Condorcet voting for rank aggregation

After iteration, we could obtain the rank of genes for each patient. To determine the most impactful drivers in a population, we applied the Condorcet voting method modified by DawnRank [6]. The Condorcet voting method is a voting scheme in which ‘voters’ vote for the best ‘candidate’ by submitting a rank-ordered list of candidate preferences [6]. And by comparing every possible pair of candidates A and B, the Condorcet method selects a winning candidate and then determines a ‘winner’ by comparing the number of voters that preferred A to B and vice versa. We applied the modified Condorcet method to the iteration results to determine aggregate rankings of genes in a patient population. A penalty heuristic δ, a number between 0 and 1 in modified Condorcet method was implemented to lower the ranking of a gene in a pairwise comparison that is not mutated. where The modified Condorcet method can be accessed from R package of condorcetRanking. We set the penalty heuristic δ to be 0.85 as DawnRank used.
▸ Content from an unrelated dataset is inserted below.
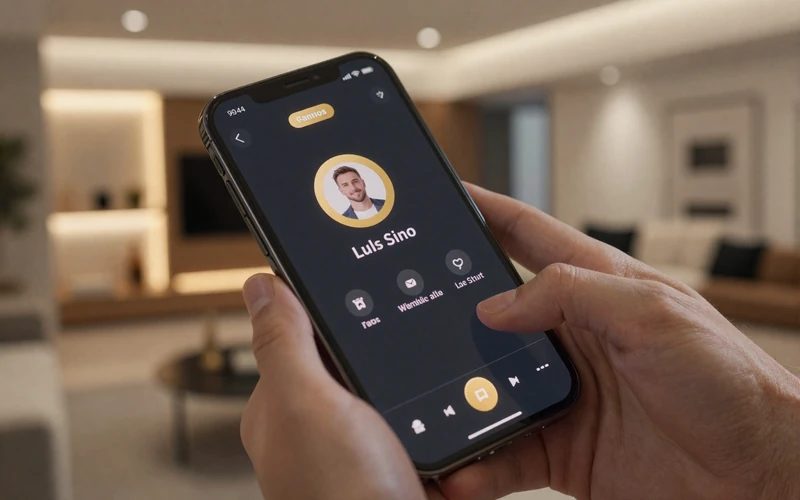 Smartphone displaying a dark-themed FWB dating app with gold verified badge on member profile, lifestyle technology photography with warm ambient lighting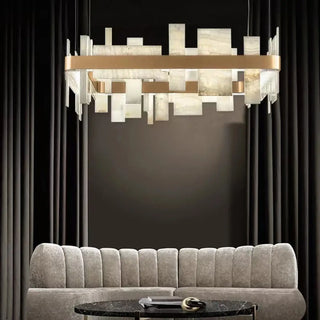 Marble effect LED pendant lamp, geometric modern ceiling fixture for living room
We selected the top-100 ranked candidates as the driver genes for a patient population.

Results

We applied MECoRank to three TCGA datasets, BRCA, KIRC and LUSC. First, we compared our method with DriverNet [5] and MUFFINN [12] to show the effectiveness of our method. For MUFFINN, we use two different versions MUFFINN-DNMax and MUFFINN-DNSum in the comparison analysis. Then, we performed Gene Ontology (GO) term and KEGG pathway enrichment analysis for the higher ranked genes by using the OmicShare tools, a free online platform for data analysis (www.omicshare.com/tools). In addition, we also summarized the distribution of the top 100 candidate-driver genes in druggable genes databases to analyze whether they are clinically relevant genes or not.

Datasets

We applied MECoRank to 973 BRCA samples, 334 KIRC samples and 486 LUSC samples. The datasets we used in this paper consist of gene expression data and coding region mutation data for three cancer types. For mutation data, MECoRank just evaluate the impact of SNP mutation damaging. We downloaded the somatic SNVs data of three datasets from TCGA data portal in the version gdc-1.0.0. According to the somatic SNVs data, we got the mutation matrix and the SNP mutation damaging matrix. The SNP mutation damaging matrix was calculated using PolyPhen and SIFT score. PolyPhen and SIFT score are predictiors of the harmful effect of a mutation occurring in DNA sequences [19]. For PolyPhen score, we used the key word ‘damaging’ to filter eligible genes, as for the SIFT score, ‘deleterious’ was used. If there are more than one mutations in different locus in a gene, we summed those scores as this gene’s final mutation damaging. The PPI network we used in MECoRank was Human Protein Reference Database (HPRD) (http://www.hprd.org). To help evaluating the quality of our results, we obtained a list of 616 cancer genes (see Additional file 1) from the well-studied cancer gene database, CGC and the version is (09/26/2016) [20].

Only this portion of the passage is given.